[Stored items]
----

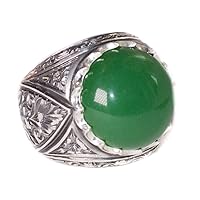 925 Sterling Silver Men Ring, Jade Natural Gemstone Ring, Steel Pen Craft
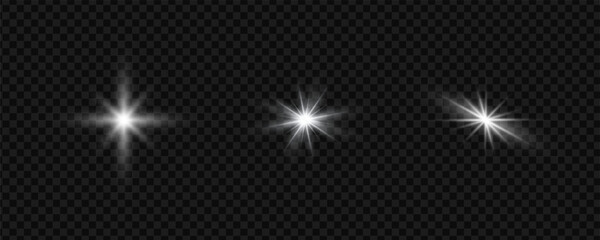 Three varied white star bursts and light flares isolated on with isolated transparent celestial brilliant intensity abstract brighten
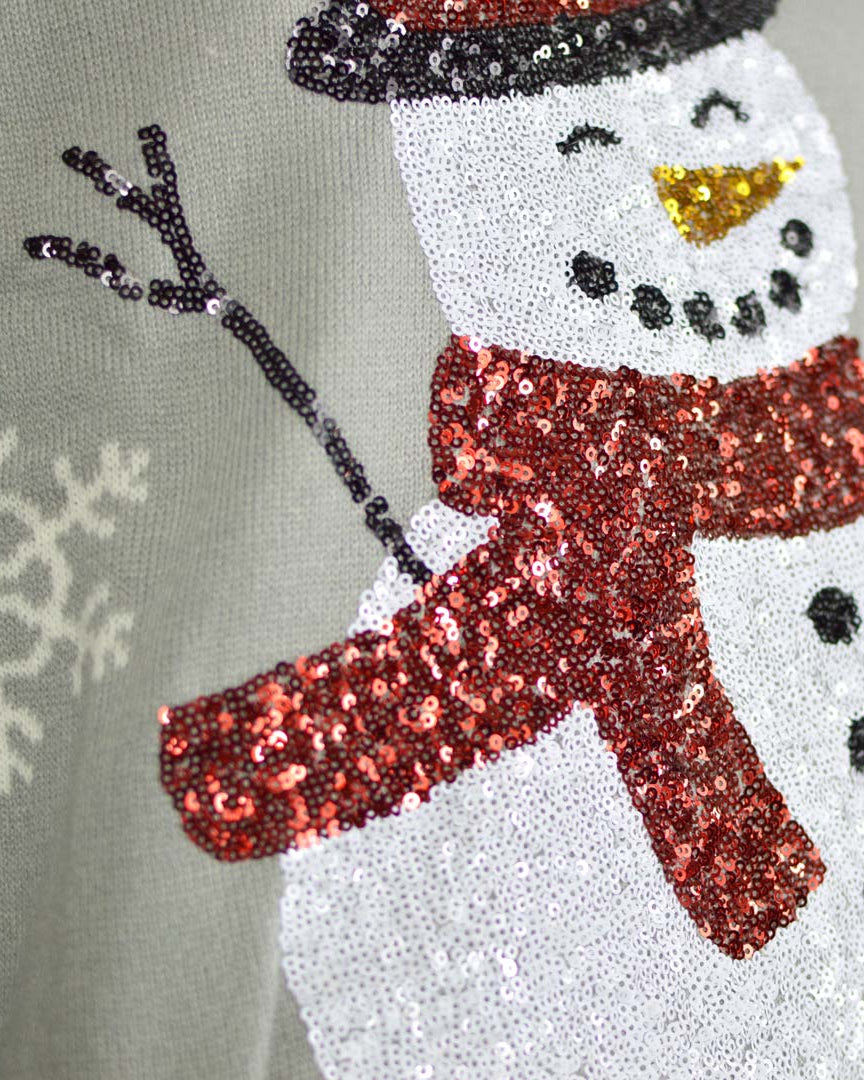 Jersey de Navidad Parejas Gris con Muñeco de Nieve de Lentejuelas Detalle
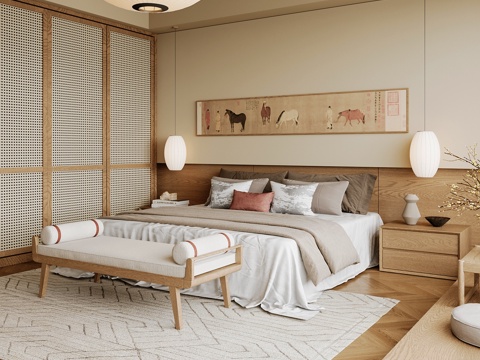 Neo-Chinese Style Home Bedroom Song Style Aesthetic Bedroom Song Style Style Bedroom New Chinese Style Double Bed New Middle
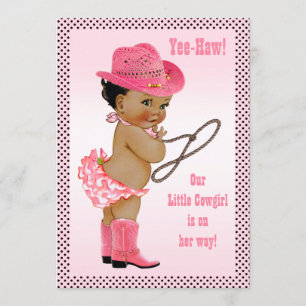 Ja-Haw! Etnisch klein cowgirl Baby shower Kaart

----

== Your instructions ==
Retype the entries above exactly. Stop after the line containing "Three varied white", and omit the pictures.

== Solution to the exercise ==
 925 Sterling Silver Men Ring, Jade Natural Gemstone Ring, Steel Pen Craft
 Three varied white star bursts and light flares isolated on with isolated transparent celestial brilliant intensity abstract brighten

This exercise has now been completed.